É importante ressaltar que o início de um negócio tende a ser um mar ainda não navegado e, assim, existe muito de teste. O empreendedor pode até fazer uma opção por modelos de pagamentos menos favoráveis ou que gerem custos financeiros adicionais, como aceitar cartão de crédito ou parcelamento. Mas é vital que tudo isso esteja mapeado e que tenha sido uma decisão pensada. Nada pode ser feito sem pesar prós e contras.


Mas e agora?


Viu por que eu disse que escolher o modelo de pagamento não tem resposta pronta?

Agora que você já tem um pouco mais de informação sobre algumas das questões envolvidas na escolha do Modelo de Pagamento e suas implicações, que tal fazer um mapeamento considerando as características do seu negócio?

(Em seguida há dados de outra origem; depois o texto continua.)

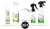 lemongrass-rebranding (1).webp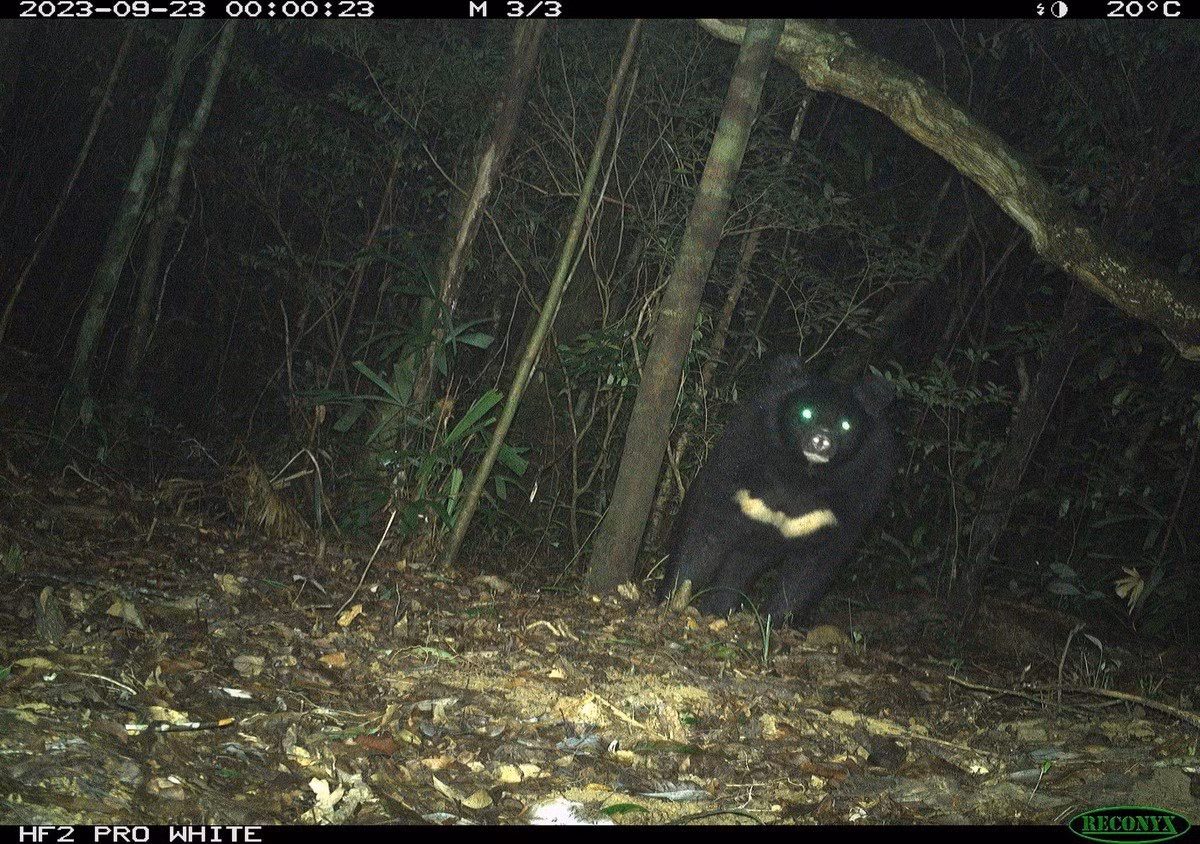 Gấu ngựa có tên khoa học là Ursus thibetanus hay Ursus tibetanus, còn được biết đến với tên gọi gấu đen Tây Tạng, gấu đen Himalaya hay gấu đen châu Á. Ảnh: Khu bảo tồn thiên nhiên bắc Hướng Hóa.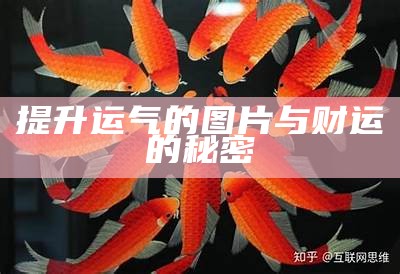 提升运气的图片与财运的秘密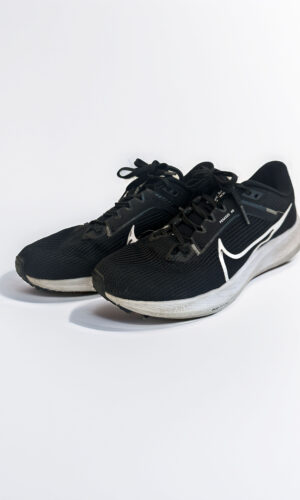ZAPATILLAS PEGASUS NIKE (41)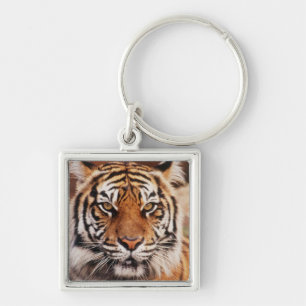 Sumatran Tiger Keychain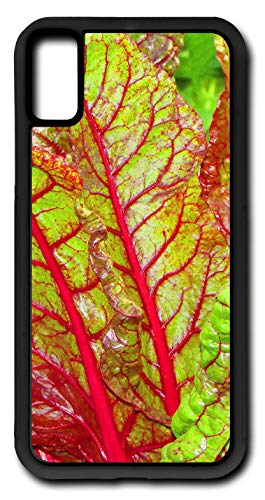 iPhone Xs Case Chard Beta Vulgaris Amaranthaceae Vegetable Plant Customizable by TYD Designs in Black Rubber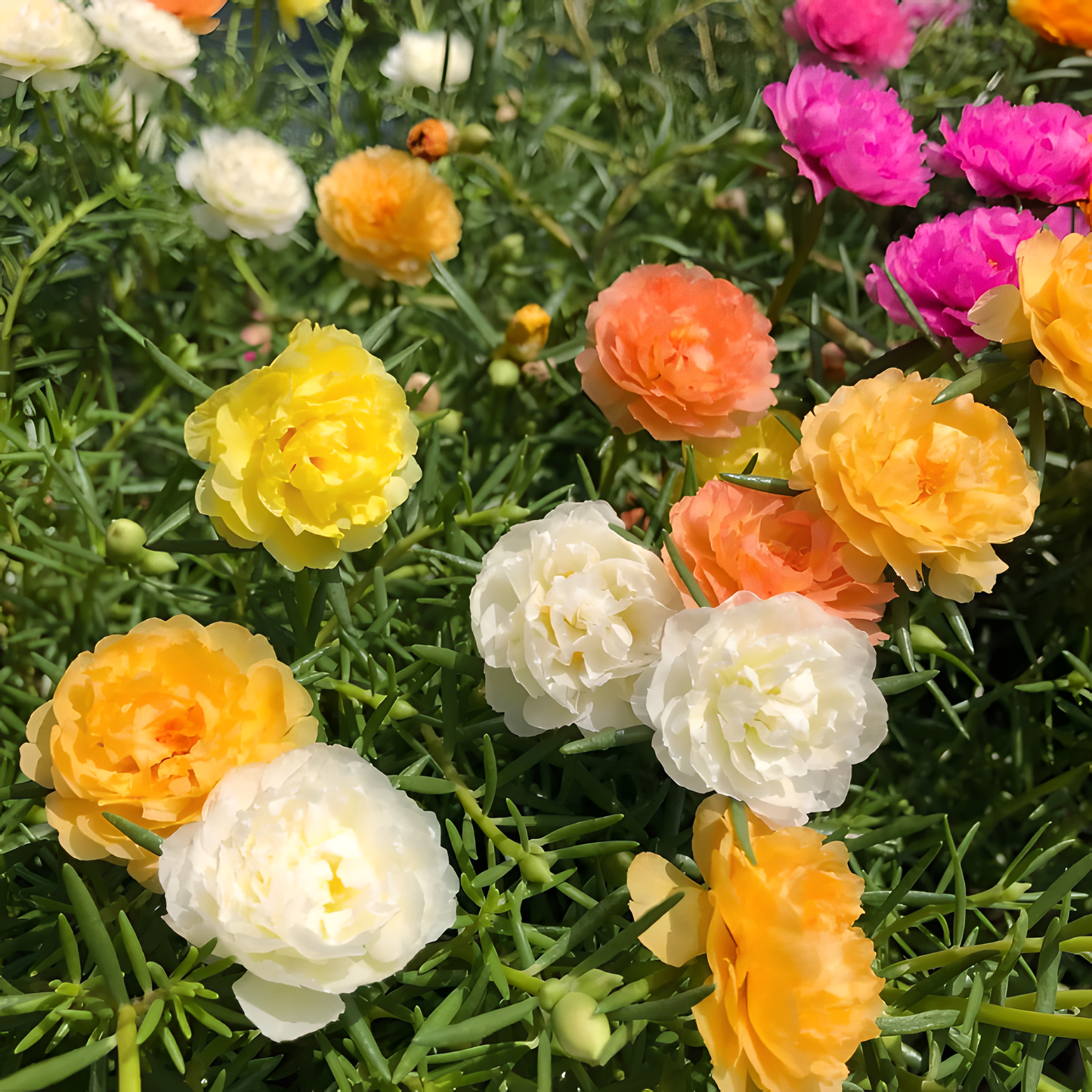 🌹Moss Rose—Immortal Flower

Lembre-se de pensar não só com o olhar do cliente em relação à percepção de valor do seu produto ou serviço, mas também levando em consideração questões relacionadas ao financeiro e à gestão do seu caixa.


Ao final, pode ser que não haja qualquer ajuste a ser feito e você ganhe nota máxima com o seu planejamento. Mesmo que esse não seja o caso, quanto mais cedo você começar, mais cedo terá um negócio com mais sustentável e próspero.


Gostou? Tem alguma dúvida em especial? Mande como sugestão para um próximo artigo.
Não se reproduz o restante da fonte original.